Text-Book of Osteopathy
American College of Mechano-Therapy

   All cases should be carefully examined. Of all the methods used in arriving at a diagnosis, palpation or the use of the hand is the most important one. By palpation the Osteopath usually determines a dislocated bone, a contracted muscle or a tightening of a tendon or cartilage. The patient's clothing should be arranged so as to allow free access to the spine and thorax. The patient should be requested to relax all tissues as much as possible and to offer no resistance unless asked to do so. To intelligently examine a spine, the operator should be thoroughly familiar with the outlines of the back. The normal spine is divided into four curves, named from above downward: The cervical curve, concave backward; dorsal curve, concave, forward; lumbar curve, concavity backward; pelvic curve, concave forward.
    Have the patient sit erect and stand behind him. Note the curves to see if they are normal or not, and also any inequalities on either side of the neck. Examine the glands of the neck for any enlargement.
    Place the patient on the back and relax all muscles.
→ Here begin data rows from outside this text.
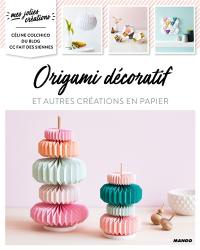 Origami décoratif : et autres créations en papier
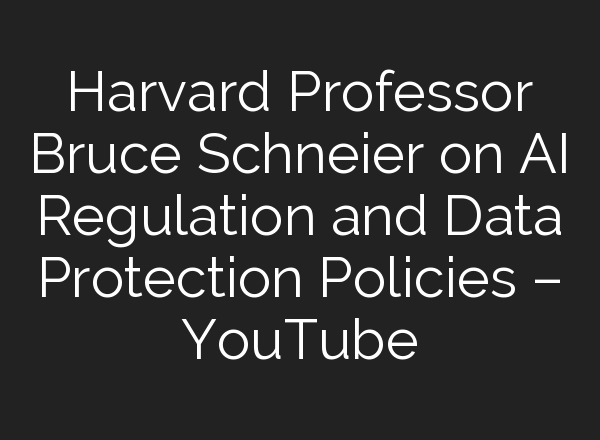 Harvard Professor Bruce Schneier on <b>AI</b> Regulation and Data Protection Policies – YouTube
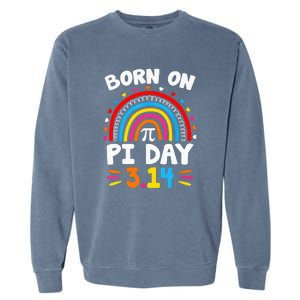 Born On Pi Day Pi Day Math Teacher Garment-Dyed Sweatshirt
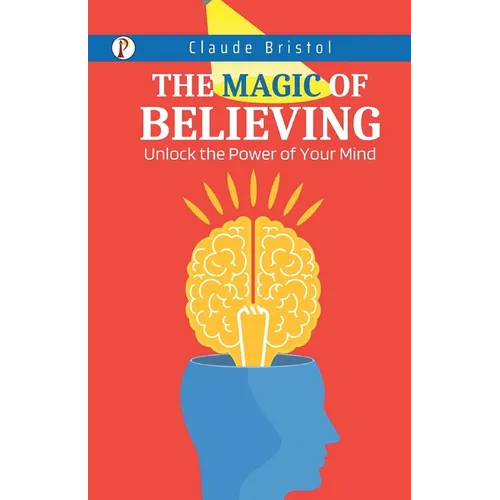 The Magic of Believing - Paperback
Place one hand over the forehead and the other over the muscles in the back of the neck. Manipulate the neck muscles while rotating the head.  Examine the tissues just beneath the skull, and the vertebrae on both sides of the neck. By allowing the fingers to move down the median line at the back of the neck, the spinous processes, can be felt. By rotating the head and pressing the fingers along the transverse processes, anterior, posterior and lateral deviations may be discovered.
    Have the patient lean forward, while sitting, and place his hands on his knees. Examine each vertebra carefully to determine any dislocation or subluxation.
    Examine the chest and abdomen and palpate the various organs to detect any variations from the normal.